[GH-ISSUE #261] System broke after upgrade to 1.7.0 #193

Closed
opened 2026-02-25 23:41:32 +03:00 by kerem · 8 comments
Owner

Originally created by @stevenmcastano on GitHub (Jun 21, 2019).
Original GitHub issue: https://github.com/healthchecks/healthchecks/issues/261

I'm getting an error while trying to look at the checks... I can get to other pages, but anytime I try to look at the checks I get the following:

Environment:


Request Method: GET
Request URL: http://localhost:8080/projects/ebc77da9-a809-43be-a3b3-444d809ea3ac/checks/

Django Version: 2.2.2
Python Version: 3.6.8
Installed Applications:
('django.contrib.admin',
 'django.contrib.auth',
 'django.contrib.contenttypes',
 'django.contrib.humanize',
 'django.contrib.sessions',
 'django.contrib.messages',
 'django.contrib.staticfiles',
 'compressor',
 'hc.accounts',
 'hc.api',
 'hc.front',
 'hc.payments')
Installed Middleware:
('django.middleware.security.SecurityMiddleware',
 'django.contrib.sessions.middleware.SessionMiddleware',
 'django.middleware.common.CommonMiddleware',
 'django.middleware.csrf.CsrfViewMiddleware',
 'django.contrib.auth.middleware.AuthenticationMiddleware',
 'django.contrib.messages.middleware.MessageMiddleware',
 'django.middleware.clickjacking.XFrameOptionsMiddleware',
 'hc.accounts.middleware.TeamAccessMiddleware')



Traceback:

File "/opt/hc-venv/lib/python3.6/site-packages/django/core/handlers/exception.py" in inner
  34.             response = get_response(request)
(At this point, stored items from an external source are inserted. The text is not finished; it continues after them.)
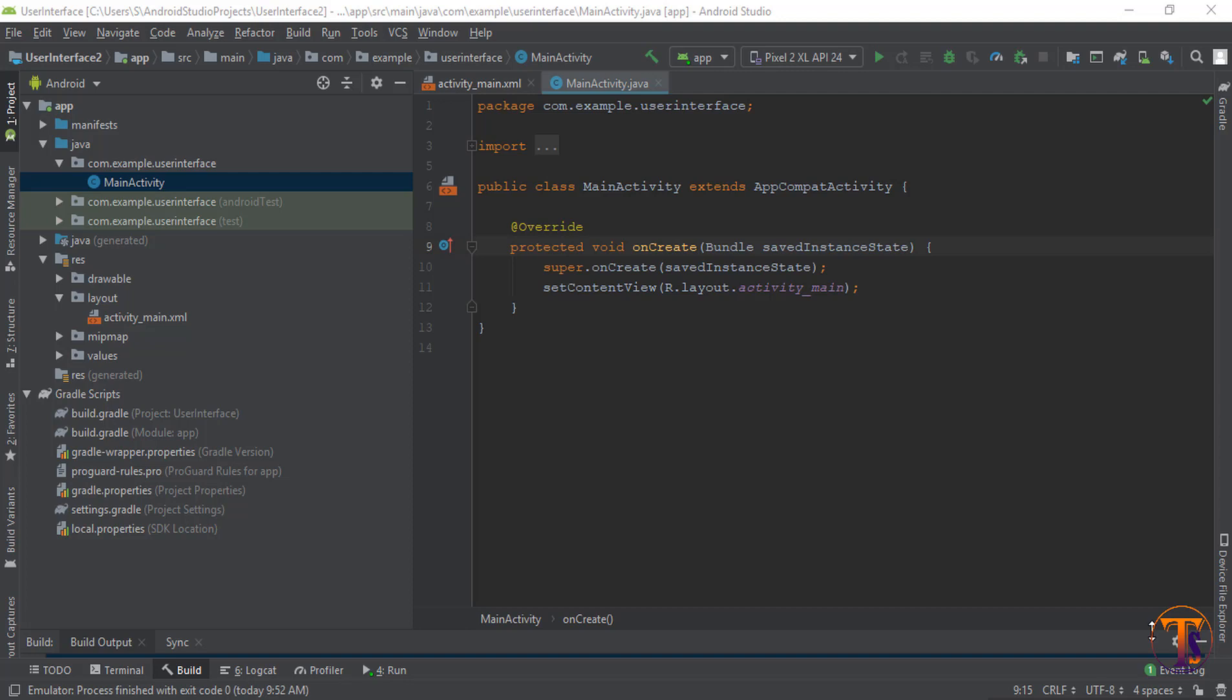Hello friends, welcome back to another video on Android development. I am Shweta Dali, and in this video I will show you how to create a simple user interface in Android Studio.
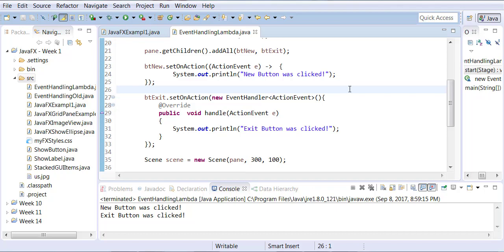So basically what it does here is that it understands that E is an anonymous type and in this case the compiler understands the object which is E must be an instance of EventHandler. It just understands it because of setOnAction.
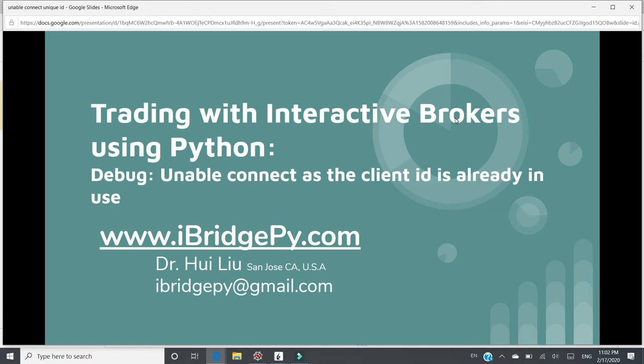Hello everyone, this is Dr. Hui Liu from San Jose, California, United States. I'm going to talk about trading with Interactive Brokers using Python.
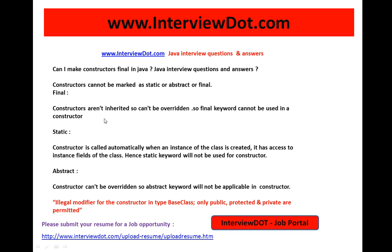Constructors are not inherited at all, so they cannot be overridden. Because of this, the final keyword cannot be used with a constructor.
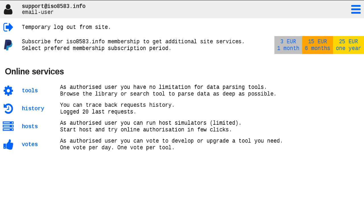Hi! Today I introduce ISO 8583 info on-site host simulators for financial messages processing via our web form.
File "/opt/hc-venv/lib/python3.6/site-packages/django/core/handlers/base.py" in _get_response
  115.                 response = self.process_exception_by_middleware(e, request)

File "/opt/hc-venv/lib/python3.6/site-packages/django/core/handlers/base.py" in _get_response
  113.                 response = wrapped_callback(request, *callback_args, **callback_kwargs)

File "/opt/hc-venv/lib/python3.6/site-packages/django/contrib/auth/decorators.py" in _wrapped_view
  21.                 return view_func(request, *args, **kwargs)

File "/opt/hc2/healthchecks-1.7.0/hc/front/views.py" in my_checks
  113.     sortchecks(checks, request.profile.sort)

File "/opt/hc2/healthchecks-1.7.0/hc/front/templatetags/hc_extras.py" in sortchecks
  80.     checks.sort(key=not_down_key)

File "/opt/hc2/healthchecks-1.7.0/hc/front/templatetags/hc_extras.py" in not_down_key
  64.     return check.get_status() != "down"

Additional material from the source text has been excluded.